#### [How to complete this task]
Line by line, copy out the data below exactly.

*** Raw data Section Begins ***

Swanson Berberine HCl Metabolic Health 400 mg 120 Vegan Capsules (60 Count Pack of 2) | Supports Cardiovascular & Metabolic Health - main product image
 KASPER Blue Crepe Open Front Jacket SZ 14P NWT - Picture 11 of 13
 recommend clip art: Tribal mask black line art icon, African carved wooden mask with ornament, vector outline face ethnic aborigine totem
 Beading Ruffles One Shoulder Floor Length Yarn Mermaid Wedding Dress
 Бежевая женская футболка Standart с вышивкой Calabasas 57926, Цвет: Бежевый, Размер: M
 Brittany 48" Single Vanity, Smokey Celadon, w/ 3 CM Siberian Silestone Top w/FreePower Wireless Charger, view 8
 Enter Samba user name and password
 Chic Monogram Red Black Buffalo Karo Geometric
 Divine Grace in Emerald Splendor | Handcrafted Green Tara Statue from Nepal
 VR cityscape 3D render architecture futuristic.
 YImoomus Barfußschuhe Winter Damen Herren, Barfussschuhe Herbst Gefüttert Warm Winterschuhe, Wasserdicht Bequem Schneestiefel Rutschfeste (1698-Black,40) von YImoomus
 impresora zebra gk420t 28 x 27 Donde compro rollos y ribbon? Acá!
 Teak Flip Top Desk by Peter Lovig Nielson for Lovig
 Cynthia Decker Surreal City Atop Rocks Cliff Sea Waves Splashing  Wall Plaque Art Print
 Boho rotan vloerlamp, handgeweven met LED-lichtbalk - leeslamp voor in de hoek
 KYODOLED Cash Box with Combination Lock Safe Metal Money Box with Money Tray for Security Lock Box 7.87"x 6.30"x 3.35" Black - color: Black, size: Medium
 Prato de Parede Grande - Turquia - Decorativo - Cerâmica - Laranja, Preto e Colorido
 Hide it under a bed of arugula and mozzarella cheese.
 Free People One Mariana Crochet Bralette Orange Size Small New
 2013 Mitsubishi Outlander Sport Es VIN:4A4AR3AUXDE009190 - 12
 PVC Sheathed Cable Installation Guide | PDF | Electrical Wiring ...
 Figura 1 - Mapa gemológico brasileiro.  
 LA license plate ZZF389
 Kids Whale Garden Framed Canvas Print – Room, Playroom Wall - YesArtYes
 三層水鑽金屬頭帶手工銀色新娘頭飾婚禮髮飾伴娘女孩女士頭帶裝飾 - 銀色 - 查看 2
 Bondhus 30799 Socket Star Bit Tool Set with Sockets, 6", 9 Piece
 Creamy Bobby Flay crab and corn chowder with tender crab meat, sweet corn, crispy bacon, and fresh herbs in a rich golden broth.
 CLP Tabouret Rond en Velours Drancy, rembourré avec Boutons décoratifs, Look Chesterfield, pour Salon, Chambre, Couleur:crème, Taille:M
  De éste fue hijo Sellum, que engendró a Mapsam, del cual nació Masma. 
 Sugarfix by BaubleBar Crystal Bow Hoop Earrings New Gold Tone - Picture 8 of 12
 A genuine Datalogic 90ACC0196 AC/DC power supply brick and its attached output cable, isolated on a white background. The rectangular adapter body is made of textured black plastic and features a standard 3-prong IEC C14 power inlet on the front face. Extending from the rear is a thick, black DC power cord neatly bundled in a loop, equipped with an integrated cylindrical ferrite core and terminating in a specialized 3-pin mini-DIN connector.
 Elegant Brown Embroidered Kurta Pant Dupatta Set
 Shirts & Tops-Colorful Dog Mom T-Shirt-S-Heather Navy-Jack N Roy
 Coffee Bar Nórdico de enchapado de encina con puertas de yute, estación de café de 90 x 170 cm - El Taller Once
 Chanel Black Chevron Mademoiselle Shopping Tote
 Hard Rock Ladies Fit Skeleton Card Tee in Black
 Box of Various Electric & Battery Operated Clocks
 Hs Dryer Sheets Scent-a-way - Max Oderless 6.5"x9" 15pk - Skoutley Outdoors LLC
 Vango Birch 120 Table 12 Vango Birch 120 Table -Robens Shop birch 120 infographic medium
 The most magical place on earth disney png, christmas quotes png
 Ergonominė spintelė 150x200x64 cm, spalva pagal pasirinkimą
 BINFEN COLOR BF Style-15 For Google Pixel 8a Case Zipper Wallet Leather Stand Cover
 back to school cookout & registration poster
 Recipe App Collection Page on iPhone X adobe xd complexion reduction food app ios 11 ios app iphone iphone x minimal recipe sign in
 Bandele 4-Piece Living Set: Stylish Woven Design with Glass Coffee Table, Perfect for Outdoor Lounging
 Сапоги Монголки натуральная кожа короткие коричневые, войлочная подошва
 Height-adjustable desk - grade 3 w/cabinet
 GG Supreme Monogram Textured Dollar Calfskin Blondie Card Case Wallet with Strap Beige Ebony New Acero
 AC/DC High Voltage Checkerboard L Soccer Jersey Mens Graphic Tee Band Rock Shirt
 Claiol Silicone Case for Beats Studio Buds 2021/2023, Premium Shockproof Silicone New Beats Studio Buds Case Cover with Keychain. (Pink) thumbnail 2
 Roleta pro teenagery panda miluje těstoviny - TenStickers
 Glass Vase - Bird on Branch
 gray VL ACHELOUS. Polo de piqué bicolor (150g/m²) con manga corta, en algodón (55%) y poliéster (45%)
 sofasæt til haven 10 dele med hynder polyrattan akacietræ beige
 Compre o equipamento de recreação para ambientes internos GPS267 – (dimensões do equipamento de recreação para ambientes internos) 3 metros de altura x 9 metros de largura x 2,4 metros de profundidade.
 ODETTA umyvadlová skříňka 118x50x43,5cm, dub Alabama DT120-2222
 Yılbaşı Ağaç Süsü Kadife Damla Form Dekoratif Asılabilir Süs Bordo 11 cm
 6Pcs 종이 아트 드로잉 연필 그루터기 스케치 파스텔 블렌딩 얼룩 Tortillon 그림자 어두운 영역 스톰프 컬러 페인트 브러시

*** Raw data Section Ends ***

#### [Exercise response]
Swanson Berberine HCl Metabolic Health 400 mg 120 Vegan Capsules (60 Count Pack of 2) | Supports Cardiovascular & Metabolic Health - main product image
 KASPER Blue Crepe Open Front Jacket SZ 14P NWT - Picture 11 of 13
 recommend clip art: Tribal mask black line art icon, African carved wooden mask with ornament, vector outline face ethnic aborigine totem
 Beading Ruffles One Shoulder Floor Length Yarn Mermaid Wedding Dress
 Бежевая женская футболка Standart с вышивкой Calabasas 57926, Цвет: Бежевый, Размер: M
 Brittany 48" Single Vanity, Smokey Celadon, w/ 3 CM Siberian Silestone Top w/FreePower Wireless Charger, view 8
 Enter Samba user name and password
 Chic Monogram Red Black Buffalo Karo Geometric
 Divine Grace in Emerald Splendor | Handcrafted Green Tara Statue from Nepal
 VR cityscape 3D render architecture futuristic.
 YImoomus Barfußschuhe Winter Damen Herren, Barfussschuhe Herbst Gefüttert Warm Winterschuhe, Wasserdicht Bequem Schneestiefel Rutschfeste (1698-Black,40) von YImoomus
 impresora zebra gk420t 28 x 27 Donde compro rollos y ribbon? Acá!
 Teak Flip Top Desk by Peter Lovig Nielson for Lovig
 Cynthia Decker Surreal City Atop Rocks Cliff Sea Waves Splashing  Wall Plaque Art Print
 Boho rotan vloerlamp, handgeweven met LED-lichtbalk - leeslamp voor in de hoek
 KYODOLED Cash Box with Combination Lock Safe Metal Money Box with Money Tray for Security Lock Box 7.87"x 6.30"x 3.35" Black - color: Black, size: Medium
 Prato de Parede Grande - Turquia - Decorativo - Cerâmica - Laranja, Preto e Colorido
 Hide it under a bed of arugula and mozzarella cheese.
 Free People One Mariana Crochet Bralette Orange Size Small New
 2013 Mitsubishi Outlander Sport Es VIN:4A4AR3AUXDE009190 - 12
 PVC Sheathed Cable Installation Guide | PDF | Electrical Wiring ...
 Figura 1 - Mapa gemológico brasileiro.  
 LA license plate ZZF389
 Kids Whale Garden Framed Canvas Print – Room, Playroom Wall - YesArtYes
 三層水鑽金屬頭帶手工銀色新娘頭飾婚禮髮飾伴娘女孩女士頭帶裝飾 - 銀色 - 查看 2
 Bondhus 30799 Socket Star Bit Tool Set with Sockets, 6", 9 Piece
 Creamy Bobby Flay crab and corn chowder with tender crab meat, sweet corn, crispy bacon, and fresh herbs in a rich golden broth.
 CLP Tabouret Rond en Velours Drancy, rembourré avec Boutons décoratifs, Look Chesterfield, pour Salon, Chambre, Couleur:crème, Taille:M
  De éste fue hijo Sellum, que engendró a Mapsam, del cual nació Masma. 
 Sugarfix by BaubleBar Crystal Bow Hoop Earrings New Gold Tone - Picture 8 of 12
 A genuine Datalogic 90ACC0196 AC/DC power supply brick and its attached output cable, isolated on a white background. The rectangular adapter body is made of textured black plastic and features a standard 3-prong IEC C14 power inlet on the front face. Extending from the rear is a thick, black DC power cord neatly bundled in a loop, equipped with an integrated cylindrical ferrite core and terminating in a specialized 3-pin mini-DIN connector.
 Elegant Brown Embroidered Kurta Pant Dupatta Set
 Shirts & Tops-Colorful Dog Mom T-Shirt-S-Heather Navy-Jack N Roy
 Coffee Bar Nórdico de enchapado de encina con puertas de yute, estación de café de 90 x 170 cm - El Taller Once
 Chanel Black Chevron Mademoiselle Shopping Tote
 Hard Rock Ladies Fit Skeleton Card Tee in Black
 Box of Various Electric & Battery Operated Clocks
 Hs Dryer Sheets Scent-a-way - Max Oderless 6.5"x9" 15pk - Skoutley Outdoors LLC
 Vango Birch 120 Table 12 Vango Birch 120 Table -Robens Shop birch 120 infographic medium
 The most magical place on earth disney png, christmas quotes png
 Ergonominė spintelė 150x200x64 cm, spalva pagal pasirinkimą
 BINFEN COLOR BF Style-15 For Google Pixel 8a Case Zipper Wallet Leather Stand Cover
 back to school cookout & registration poster
 Recipe App Collection Page on iPhone X adobe xd complexion reduction food app ios 11 ios app iphone iphone x minimal recipe sign in
 Bandele 4-Piece Living Set: Stylish Woven Design with Glass Coffee Table, Perfect for Outdoor Lounging
 Сапоги Монголки натуральная кожа короткие коричневые, войлочная подошва
 Height-adjustable desk - grade 3 w/cabinet
 GG Supreme Monogram Textured Dollar Calfskin Blondie Card Case Wallet with Strap Beige Ebony New Acero
 AC/DC High Voltage Checkerboard L Soccer Jersey Mens Graphic Tee Band Rock Shirt
 Claiol Silicone Case for Beats Studio Buds 2021/2023, Premium Shockproof Silicone New Beats Studio Buds Case Cover with Keychain. (Pink) thumbnail 2
 Roleta pro teenagery panda miluje těstoviny - TenStickers
 Glass Vase - Bird on Branch
 gray VL ACHELOUS. Polo de piqué bicolor (150g/m²) con manga corta, en algodón (55%) y poliéster (45%)
 sofasæt til haven 10 dele med hynder polyrattan akacietræ beige
 Compre o equipamento de recreação para ambientes internos GPS267 – (dimensões do equipamento de recreação para ambientes internos) 3 metros de altura x 9 metros de largura x 2,4 metros de profundidade.
 ODETTA umyvadlová skříňka 118x50x43,5cm, dub Alabama DT120-2222
 Yılbaşı Ağaç Süsü Kadife Damla Form Dekoratif Asılabilir Süs Bordo 11 cm
 6Pcs 종이 아트 드로잉 연필 그루터기 스케치 파스텔 블렌딩 얼룩 Tortillon 그림자 어두운 영역 스톰프 컬러 페인트 브러시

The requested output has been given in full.